Variations of this idea are one of the most common question on here, which I guess has to do with the unintuitive nature of relative motion, but we need to clear up this idea that motion is somehow tied to physical contact and that objects become “unbounded” or “decoupled” when they’re not in contact.
Let’s start with a basic primer. Let’s say you’re on an airplane going 500mph. Now let’s say you get up to go to the bathroom. Do you suddenly slam into the back of the plane at 500mph? Of course not, because you’re moving *with* the plane. Your motion relative to the plane is 0.
Now back to spacecraft. Where do they launch from? Earth. That means they’re orbiting the sun *with* the Earth. They started out already having Earth’s speed around the sun. (When you say Earth is moving through space at . 67,000mph, that’s is speed relative to the Sun.
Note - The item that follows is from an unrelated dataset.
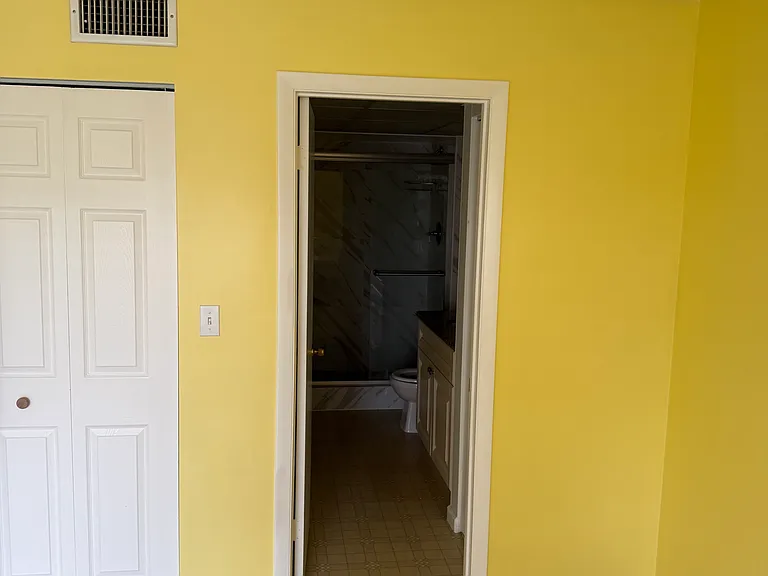 460 NW 20th St #214 — Photo 15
Speed and velocity aren’t meaningful unless you specify what what that motion is relative to.) So when spacecraft go to the moon, they’re still traveling *with* the Earth-Moon system.
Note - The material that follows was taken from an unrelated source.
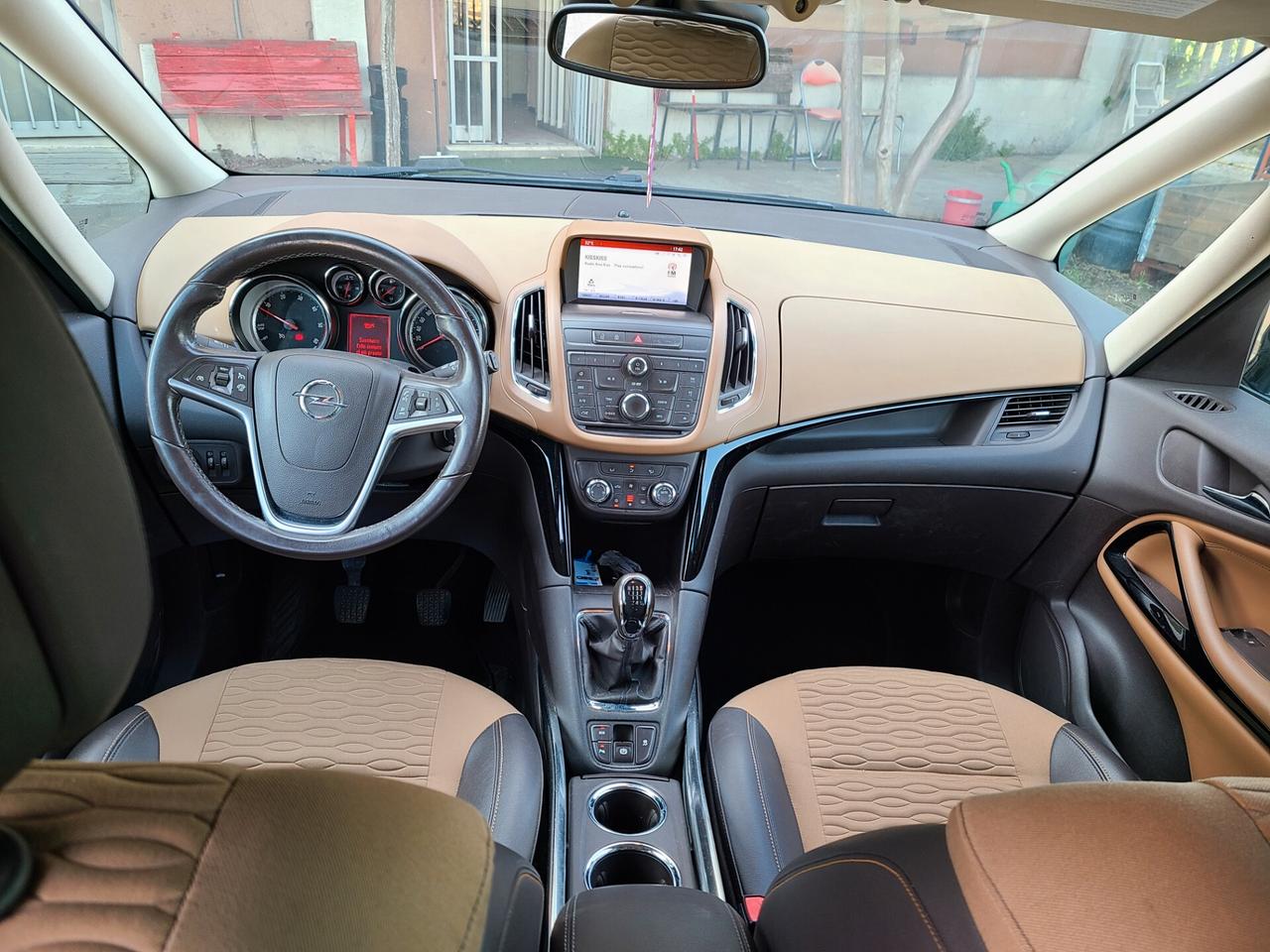 Opel Zafira diesel 2 .0 cilindrata 7 posti anno 2015 euro6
Just to tie it back to my car example, let’s pretend there are 2 cars side by side in a 2 lane road, both going exactly 30mph (representing the Earth and the Moon). Now let’s say you want to throw a tennis ball from one car into the window of the other (the tennis ball is a spacecraft). When you throw the ball, does it suddenly go flying backwards at 30mph? No. If you aimed right, it goes directly into the other car’s window. The reason it doesn’t go flying backwards is because it was already moving with the cars to begin with, all you had to do was give it the velocity to get from one to the other.